→ ENTRIES SUPPLIED
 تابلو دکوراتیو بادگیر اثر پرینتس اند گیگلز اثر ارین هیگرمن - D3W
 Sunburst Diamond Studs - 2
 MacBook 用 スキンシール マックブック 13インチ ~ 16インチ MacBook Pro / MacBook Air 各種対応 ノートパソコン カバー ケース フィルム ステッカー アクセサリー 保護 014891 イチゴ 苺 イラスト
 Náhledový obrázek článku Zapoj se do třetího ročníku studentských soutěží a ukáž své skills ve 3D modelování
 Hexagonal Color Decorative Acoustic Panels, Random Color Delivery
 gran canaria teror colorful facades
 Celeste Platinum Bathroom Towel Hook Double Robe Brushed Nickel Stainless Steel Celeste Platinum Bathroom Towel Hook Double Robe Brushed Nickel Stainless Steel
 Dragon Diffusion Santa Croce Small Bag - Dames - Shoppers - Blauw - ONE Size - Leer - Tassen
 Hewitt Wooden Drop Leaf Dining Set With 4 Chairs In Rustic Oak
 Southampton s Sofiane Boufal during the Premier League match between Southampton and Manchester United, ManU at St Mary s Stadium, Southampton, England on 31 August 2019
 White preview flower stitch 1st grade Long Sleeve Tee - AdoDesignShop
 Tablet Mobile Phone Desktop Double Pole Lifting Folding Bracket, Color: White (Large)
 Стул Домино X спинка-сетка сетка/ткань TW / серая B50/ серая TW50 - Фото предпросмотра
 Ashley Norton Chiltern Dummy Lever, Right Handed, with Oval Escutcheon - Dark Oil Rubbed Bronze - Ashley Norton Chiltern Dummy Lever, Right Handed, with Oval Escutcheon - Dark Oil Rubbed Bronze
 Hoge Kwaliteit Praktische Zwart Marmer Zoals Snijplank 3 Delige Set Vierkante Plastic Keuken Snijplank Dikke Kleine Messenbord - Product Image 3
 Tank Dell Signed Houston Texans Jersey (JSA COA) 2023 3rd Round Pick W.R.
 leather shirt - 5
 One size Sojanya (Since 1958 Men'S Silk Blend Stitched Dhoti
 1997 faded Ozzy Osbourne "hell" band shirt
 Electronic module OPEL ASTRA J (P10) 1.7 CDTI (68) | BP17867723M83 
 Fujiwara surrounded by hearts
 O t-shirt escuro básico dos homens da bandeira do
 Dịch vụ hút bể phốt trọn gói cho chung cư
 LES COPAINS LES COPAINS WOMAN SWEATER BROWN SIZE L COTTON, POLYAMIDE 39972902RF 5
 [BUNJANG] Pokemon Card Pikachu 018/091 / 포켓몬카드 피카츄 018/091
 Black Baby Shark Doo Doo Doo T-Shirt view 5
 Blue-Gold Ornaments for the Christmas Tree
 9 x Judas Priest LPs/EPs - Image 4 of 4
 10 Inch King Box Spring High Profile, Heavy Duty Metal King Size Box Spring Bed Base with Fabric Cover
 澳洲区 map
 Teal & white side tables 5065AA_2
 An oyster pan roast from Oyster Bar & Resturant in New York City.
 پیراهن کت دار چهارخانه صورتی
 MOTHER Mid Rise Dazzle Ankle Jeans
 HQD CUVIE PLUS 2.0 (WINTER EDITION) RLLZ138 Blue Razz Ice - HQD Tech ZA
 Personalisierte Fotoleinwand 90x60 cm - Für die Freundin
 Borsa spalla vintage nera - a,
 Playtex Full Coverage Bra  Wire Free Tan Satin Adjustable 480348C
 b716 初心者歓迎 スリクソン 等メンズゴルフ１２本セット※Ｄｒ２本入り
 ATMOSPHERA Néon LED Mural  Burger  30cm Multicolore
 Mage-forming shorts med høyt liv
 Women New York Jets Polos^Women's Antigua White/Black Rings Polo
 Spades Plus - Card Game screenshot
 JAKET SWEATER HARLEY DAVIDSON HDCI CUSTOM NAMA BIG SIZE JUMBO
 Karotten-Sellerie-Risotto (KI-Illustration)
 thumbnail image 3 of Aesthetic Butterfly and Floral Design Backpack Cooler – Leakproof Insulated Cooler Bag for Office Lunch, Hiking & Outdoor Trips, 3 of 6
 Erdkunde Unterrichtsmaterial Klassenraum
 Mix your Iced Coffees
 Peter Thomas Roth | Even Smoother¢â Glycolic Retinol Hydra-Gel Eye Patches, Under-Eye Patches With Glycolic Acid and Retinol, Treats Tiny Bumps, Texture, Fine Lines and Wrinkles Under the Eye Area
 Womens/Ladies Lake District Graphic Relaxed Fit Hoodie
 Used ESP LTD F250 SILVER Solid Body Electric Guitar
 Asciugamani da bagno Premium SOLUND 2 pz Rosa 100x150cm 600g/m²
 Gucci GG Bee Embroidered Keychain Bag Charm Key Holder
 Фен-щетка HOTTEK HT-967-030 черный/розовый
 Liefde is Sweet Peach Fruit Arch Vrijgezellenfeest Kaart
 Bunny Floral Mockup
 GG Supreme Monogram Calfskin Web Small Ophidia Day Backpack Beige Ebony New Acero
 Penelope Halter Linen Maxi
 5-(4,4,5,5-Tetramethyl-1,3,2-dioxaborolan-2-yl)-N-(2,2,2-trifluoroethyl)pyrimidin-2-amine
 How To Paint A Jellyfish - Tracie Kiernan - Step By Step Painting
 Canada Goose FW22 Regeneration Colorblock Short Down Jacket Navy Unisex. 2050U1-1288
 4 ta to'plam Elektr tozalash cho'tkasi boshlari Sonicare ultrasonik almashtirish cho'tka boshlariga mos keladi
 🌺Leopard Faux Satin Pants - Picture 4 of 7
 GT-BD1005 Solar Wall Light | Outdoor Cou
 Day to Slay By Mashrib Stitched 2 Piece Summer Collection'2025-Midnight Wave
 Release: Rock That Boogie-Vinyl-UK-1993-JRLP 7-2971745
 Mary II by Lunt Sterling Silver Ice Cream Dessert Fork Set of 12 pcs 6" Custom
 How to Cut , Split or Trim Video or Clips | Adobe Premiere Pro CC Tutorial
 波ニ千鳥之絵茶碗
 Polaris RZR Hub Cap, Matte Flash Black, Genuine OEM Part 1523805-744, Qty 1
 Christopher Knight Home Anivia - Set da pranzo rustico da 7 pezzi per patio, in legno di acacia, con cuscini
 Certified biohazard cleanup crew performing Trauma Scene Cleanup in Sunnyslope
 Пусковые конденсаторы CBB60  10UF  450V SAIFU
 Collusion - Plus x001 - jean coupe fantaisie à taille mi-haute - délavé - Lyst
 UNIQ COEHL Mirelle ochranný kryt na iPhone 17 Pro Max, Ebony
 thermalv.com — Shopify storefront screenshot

→ YOUR OBJECTIVE
Above are records; repeat only the lines starting at the line with "Teal & white side tables 5065AA_2" and ending at the line with "HQD CUVIE PLUS", exactly as they appear, both included.

→ ANSWER AREA
 Teal & white side tables 5065AA_2
 An oyster pan roast from Oyster Bar & Resturant in New York City.
 پیراهن کت دار چهارخانه صورتی
 MOTHER Mid Rise Dazzle Ankle Jeans
 HQD CUVIE PLUS 2.0 (WINTER EDITION) RLLZ138 Blue Razz Ice - HQD Tech ZA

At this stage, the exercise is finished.